▼書籍のご案内-序文

『経穴の臨床実践』

まえがき  ~なぜ経穴を取り上げるのか~


経穴を臨床に活かす
 私は北里大学東洋医学総合研究所の招きにより,1988年1月に来日した。来日後,医師,薬剤師,鍼灸師の関連団体が主催するある講演会に呼ばれ,シンポジウムに参加したことがある。
 そこに参加していたある鍼灸師は,「鍼灸師の多くは経穴名を知っているが,経穴の使い方をわかっていない」「経穴の効きめを把握していない」「複数のツボを一緒に使うと,どのような効果が出るのかまったくわからないので,局所の取穴しかできず,運動器系の局所の痛みや凝りの治療しかできない」と,困ったように言った。
 また,ある婦人科医は,「鍼灸治療に興味をもっているが,三陰交くらいしかわからないので,もっとたくさんのツボの作用や効きめを知りたい」と,切望するように言った。
 彼らはいったい,鍼灸の何を知りたがっているのだろうか。
 彼らは,単に経穴の名称だけでなく,経穴のもつ性質・作用・効きめといったことを知りたいと思っているのである。つまり,それは経穴の本質を知りたいということなのであろう。この経穴をいつ使うと効果が出やすいのか。この経穴にどのような施術をすれば(あるいは手技を加えれば)効果を高めることができるのか,といったことである。さらにいえば,あるツボとあるツボを組み合わせることによって,一穴一穴にはないどのような新たな効果が生み出されるのか,ということも含んだ経穴の全体像だろう。
 本書では,このような興味深いさまざまな疑問に答えていきたい。


鍼灸師の願い
 毎年,全国で大勢の鍼灸学校の卒業生が国家試験をパスし,鍼灸師の資格を取得する。資格を取得できたことは確かにうれしいのだけれども,じつは,彼らは多くの不安も抱えている。
 「鍼灸の免許は取ったが,鍼灸師としての技が足りない」「鍼灸治療の基礎は取穴と刺鍼の技だが,学校で習った知識と技が果たして通用するのだろうか」といった不安を抱くことが多いのである。
 それはそうだろう。
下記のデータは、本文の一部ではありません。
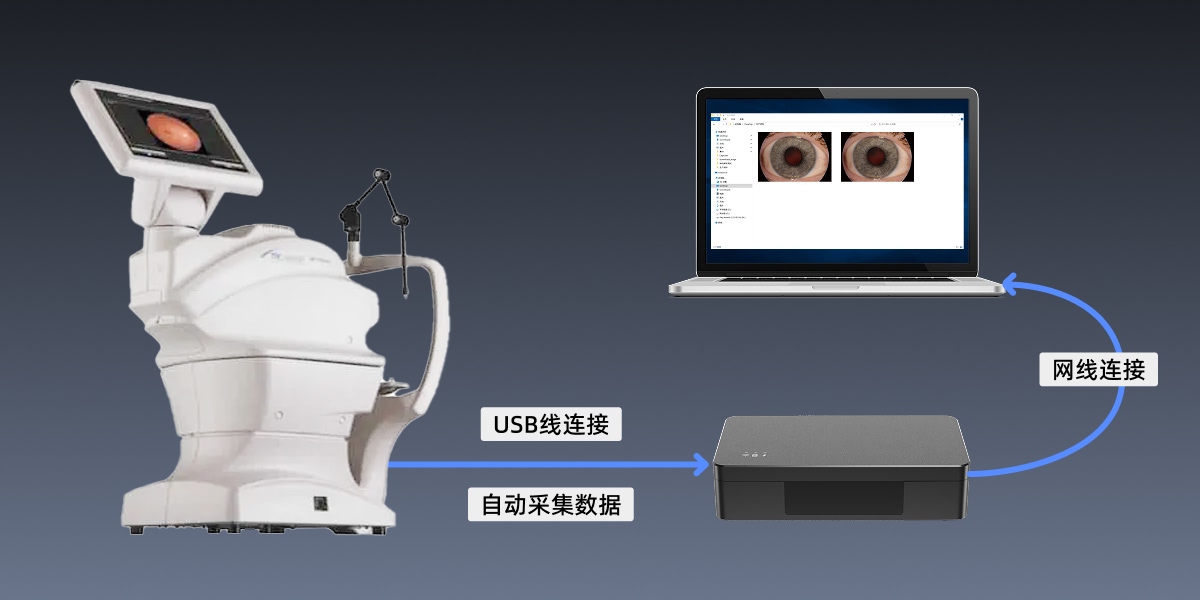 眼底照相机NW400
一人前の優れた鍼灸師になるためには,身につけなくてはならない鍼灸師としての基本的な知識と技があるが,学校で習う内容だけでは不十分だからである。特に,経穴の基本的な知識(名称や位置だけでなく,経穴の全体像)をしっかり熟知したうえで,臨床現場でそれをどのように活かすのか,ということが大事なのである。だからこそ,臨床実践を前にして不安に思っている鍼灸師が少なくないのである。
 一人前の優れた鍼灸師になるために,鍼灸治療の基礎から始め,経穴の知識をもう一度しっかりと勉強し直したい。そんな鍼灸師の要望に応えるために,本書を記すことにした。